Material for this task:
————————

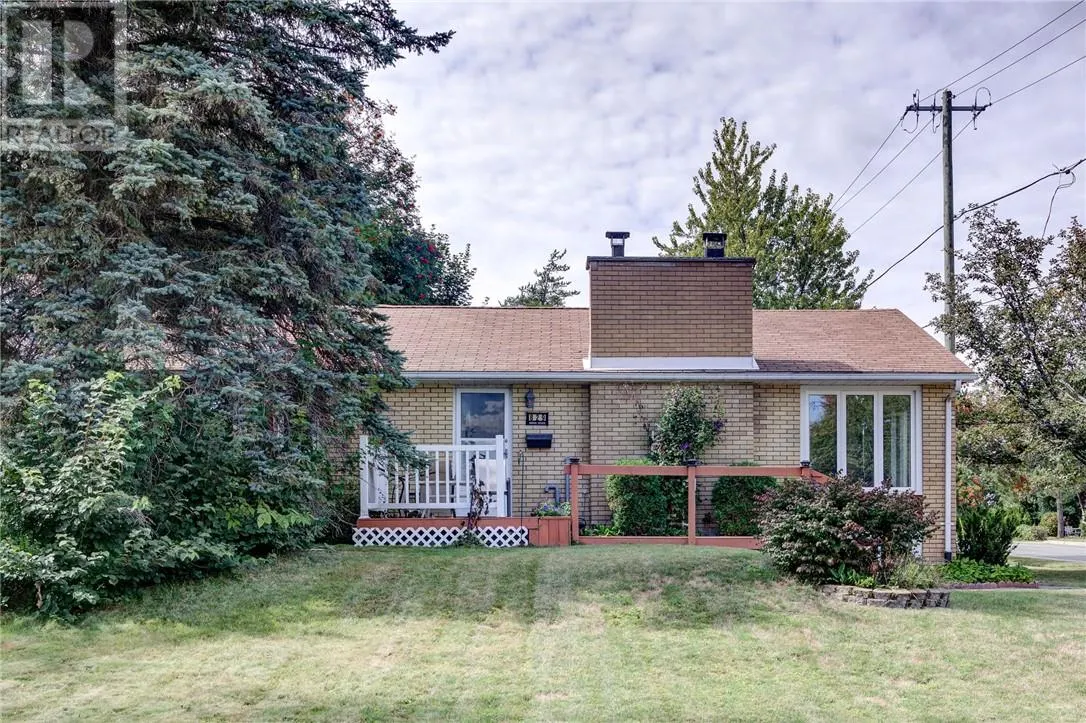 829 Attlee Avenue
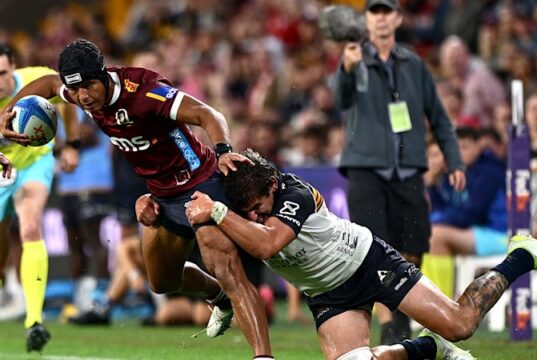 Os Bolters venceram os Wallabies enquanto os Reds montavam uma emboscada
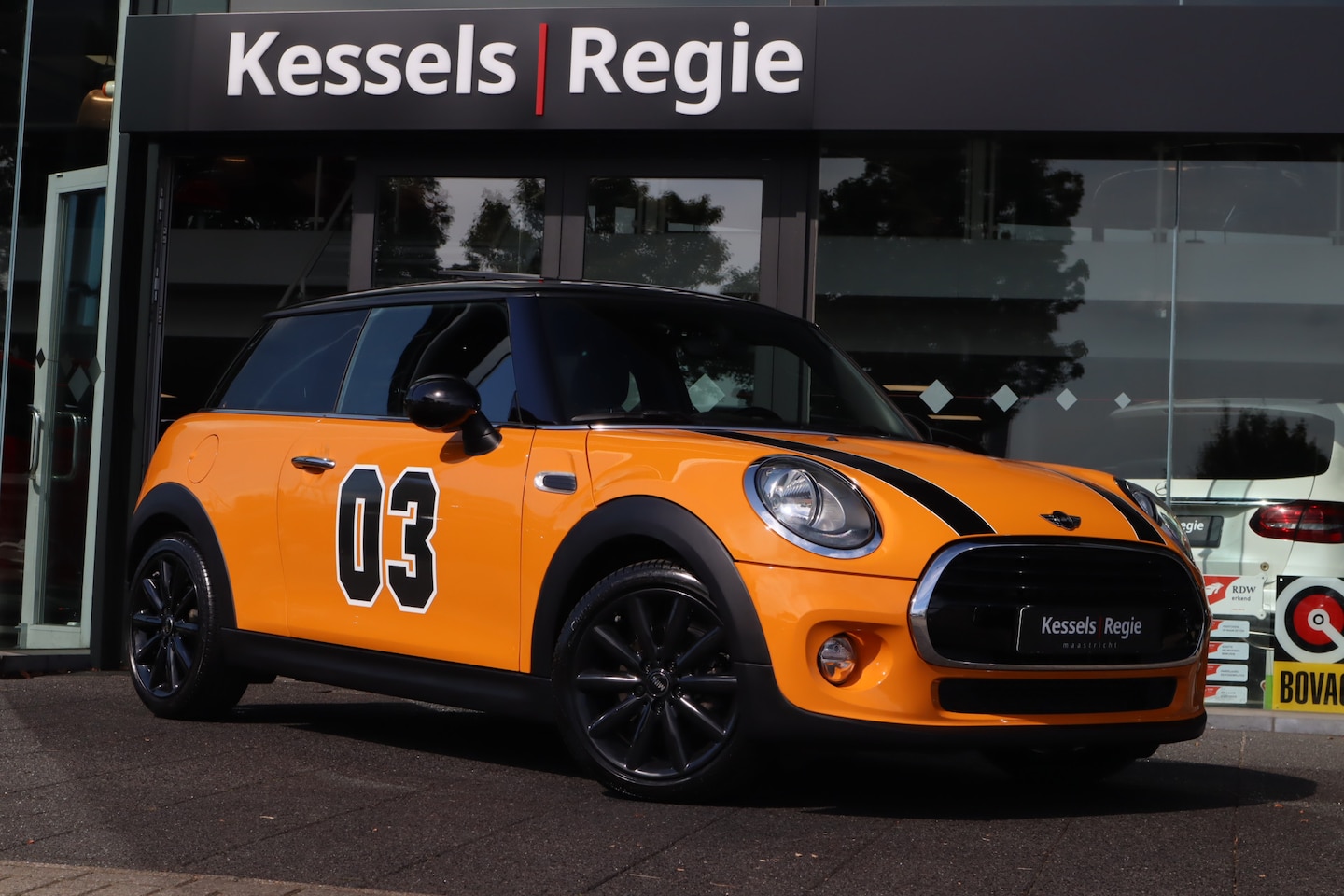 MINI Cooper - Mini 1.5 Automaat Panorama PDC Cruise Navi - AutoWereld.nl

————————

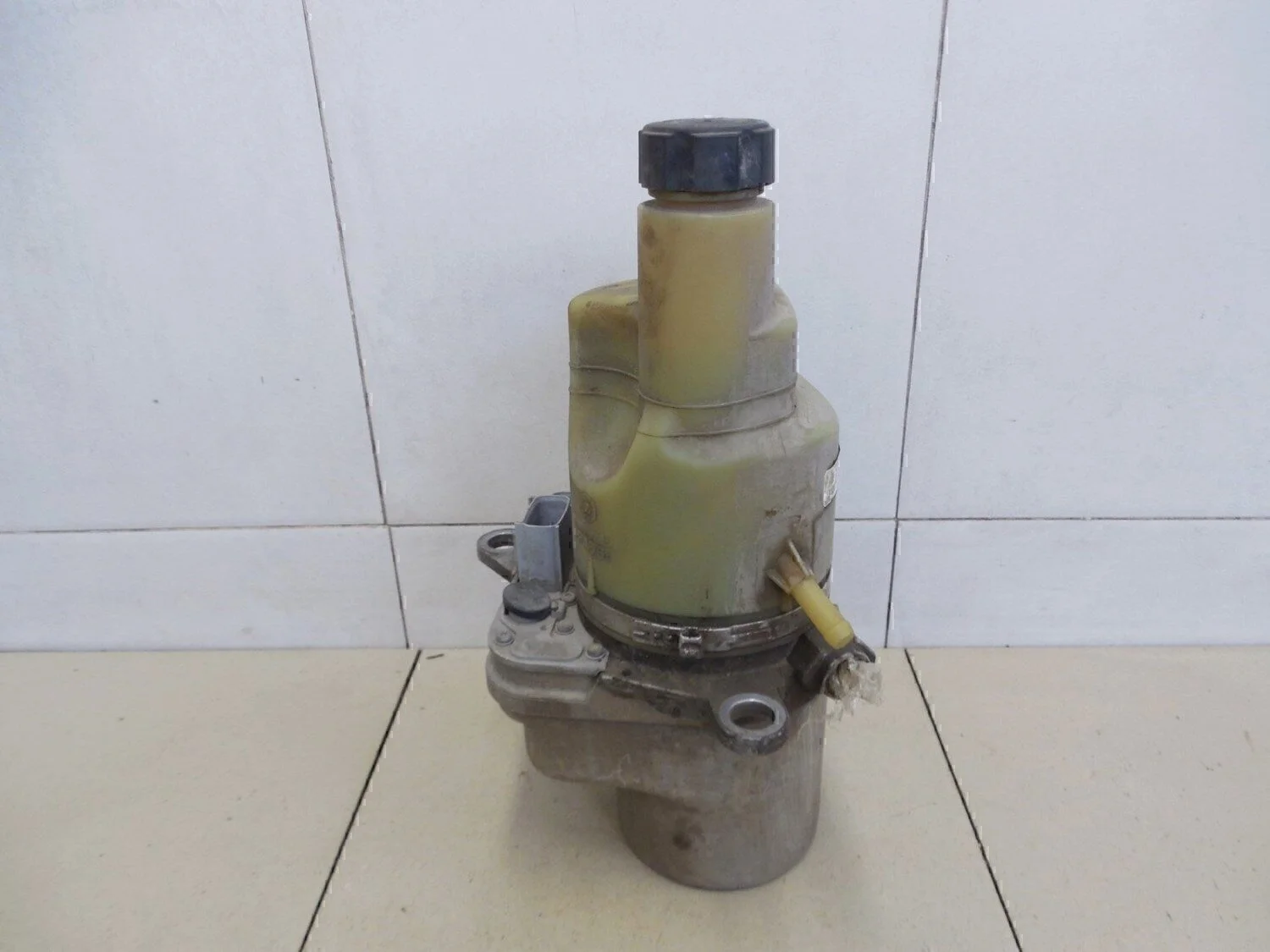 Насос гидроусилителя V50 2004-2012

————————

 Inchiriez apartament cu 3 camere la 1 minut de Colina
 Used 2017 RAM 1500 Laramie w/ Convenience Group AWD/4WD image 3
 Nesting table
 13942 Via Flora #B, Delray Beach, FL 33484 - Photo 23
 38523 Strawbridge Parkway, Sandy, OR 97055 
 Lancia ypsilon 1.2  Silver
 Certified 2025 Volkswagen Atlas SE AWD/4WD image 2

————————

Task prompt:
Copy only this part of the entries above: the line with "Used 2017 RAM", the line with "Certified 2025 Volkswagen", and the lines between, all exactly as written.

Exercise output:
 Used 2017 RAM 1500 Laramie w/ Convenience Group AWD/4WD image 3
 Nesting table
 13942 Via Flora #B, Delray Beach, FL 33484 - Photo 23
 38523 Strawbridge Parkway, Sandy, OR 97055 
 Lancia ypsilon 1.2  Silver
 Certified 2025 Volkswagen Atlas SE AWD/4WD image 2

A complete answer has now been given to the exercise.